Deadlock due to Alsa thread priority


#1

Well,

I’m using an old version of the Juce lib, so it might be fixed since, but anyway, can you confirm:
I’ve a thread running with a RR priority, but lower than Alsa’s thread priority. In my thread I’m calling “sourcePlayer.setSource(0);” to remove the audio source.
Rarely, I get a deadlock here, since my thread, having a lower priority can’t take the lock, since, as soon as the audio thread releases the lock, it’s allowed to run again (higher priority), and my thread never get a chance to get it.
The only entry point for the audio thread is getNextAudioBlock, but the lock is taken while calling this method (obviously).

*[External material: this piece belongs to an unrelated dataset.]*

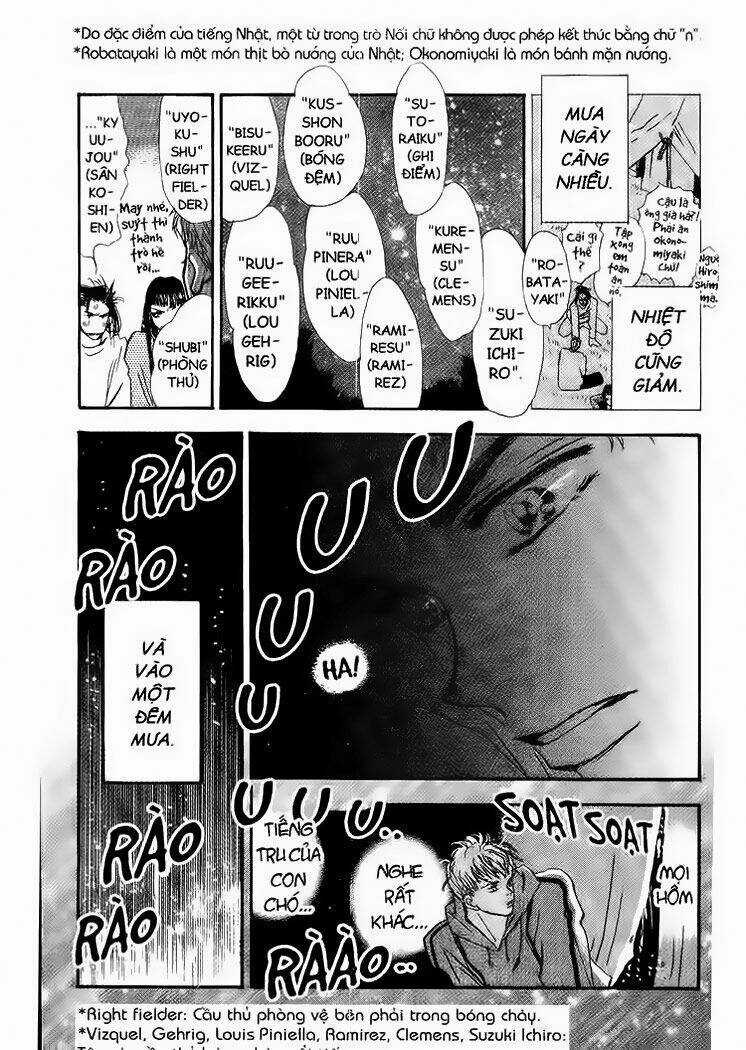 7 Mầm sống - Chapter 17 - Trang 19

Do you have an idea, about how to solve this ?


#2

Are you sure that’s what’s happening? I’ve never known a situation where a high-priority thread is gaining/releasing a lock so much that no other threads could ever get it… Perhaps this is because your device driver is using some kind of insanely high-priority realtime thread, but even so it would only be a problem if your audio processing is really strainging the CPU to its limit.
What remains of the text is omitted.